**Instructions for the task**:
Your answer should repeat every record verbatim.

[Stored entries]

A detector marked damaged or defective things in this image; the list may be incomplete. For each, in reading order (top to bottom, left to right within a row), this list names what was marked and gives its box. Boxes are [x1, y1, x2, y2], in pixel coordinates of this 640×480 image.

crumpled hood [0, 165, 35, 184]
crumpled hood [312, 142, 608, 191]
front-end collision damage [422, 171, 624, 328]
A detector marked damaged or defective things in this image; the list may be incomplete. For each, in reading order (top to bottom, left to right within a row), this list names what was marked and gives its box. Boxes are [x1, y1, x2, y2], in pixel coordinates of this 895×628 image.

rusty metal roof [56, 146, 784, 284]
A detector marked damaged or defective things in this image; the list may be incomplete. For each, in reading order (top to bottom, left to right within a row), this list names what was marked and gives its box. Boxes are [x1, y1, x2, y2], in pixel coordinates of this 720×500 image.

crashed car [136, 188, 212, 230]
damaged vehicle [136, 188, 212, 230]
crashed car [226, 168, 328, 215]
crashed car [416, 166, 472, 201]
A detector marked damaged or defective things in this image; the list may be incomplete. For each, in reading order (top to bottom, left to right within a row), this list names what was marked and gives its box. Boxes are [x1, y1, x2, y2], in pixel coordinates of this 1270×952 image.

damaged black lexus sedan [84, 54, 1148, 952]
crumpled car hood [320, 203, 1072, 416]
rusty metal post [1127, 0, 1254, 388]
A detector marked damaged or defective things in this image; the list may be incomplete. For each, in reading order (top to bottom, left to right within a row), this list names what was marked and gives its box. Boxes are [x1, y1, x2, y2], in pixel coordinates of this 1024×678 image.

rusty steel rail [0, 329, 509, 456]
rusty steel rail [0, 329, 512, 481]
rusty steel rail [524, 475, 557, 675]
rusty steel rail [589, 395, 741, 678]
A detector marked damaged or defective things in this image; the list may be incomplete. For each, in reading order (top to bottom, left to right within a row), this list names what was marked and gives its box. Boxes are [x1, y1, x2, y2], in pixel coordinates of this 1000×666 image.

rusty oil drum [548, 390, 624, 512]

**Solution**:
A detector marked damaged or defective things in this image; the list may be incomplete. For each, in reading order (top to bottom, left to right within a row), this list names what was marked and gives its box. Boxes are [x1, y1, x2, y2], in pixel coordinates of this 640×480 image.

crumpled hood [0, 165, 35, 184]
crumpled hood [312, 142, 608, 191]
front-end collision damage [422, 171, 624, 328]
A detector marked damaged or defective things in this image; the list may be incomplete. For each, in reading order (top to bottom, left to right within a row), this list names what was marked and gives its box. Boxes are [x1, y1, x2, y2], in pixel coordinates of this 895×628 image.

rusty metal roof [56, 146, 784, 284]
A detector marked damaged or defective things in this image; the list may be incomplete. For each, in reading order (top to bottom, left to right within a row), this list names what was marked and gives its box. Boxes are [x1, y1, x2, y2], in pixel coordinates of this 720×500 image.

crashed car [136, 188, 212, 230]
damaged vehicle [136, 188, 212, 230]
crashed car [226, 168, 328, 215]
crashed car [416, 166, 472, 201]
A detector marked damaged or defective things in this image; the list may be incomplete. For each, in reading order (top to bottom, left to right within a row), this list names what was marked and gives its box. Boxes are [x1, y1, x2, y2], in pixel coordinates of this 1270×952 image.

damaged black lexus sedan [84, 54, 1148, 952]
crumpled car hood [320, 203, 1072, 416]
rusty metal post [1127, 0, 1254, 388]
A detector marked damaged or defective things in this image; the list may be incomplete. For each, in reading order (top to bottom, left to right within a row), this list names what was marked and gives its box. Boxes are [x1, y1, x2, y2], in pixel coordinates of this 1024×678 image.

rusty steel rail [0, 329, 509, 456]
rusty steel rail [0, 329, 512, 481]
rusty steel rail [524, 475, 557, 675]
rusty steel rail [589, 395, 741, 678]
A detector marked damaged or defective things in this image; the list may be incomplete. For each, in reading order (top to bottom, left to right within a row), this list names what was marked and gives its box. Boxes are [x1, y1, x2, y2], in pixel coordinates of this 1000×666 image.

rusty oil drum [548, 390, 624, 512]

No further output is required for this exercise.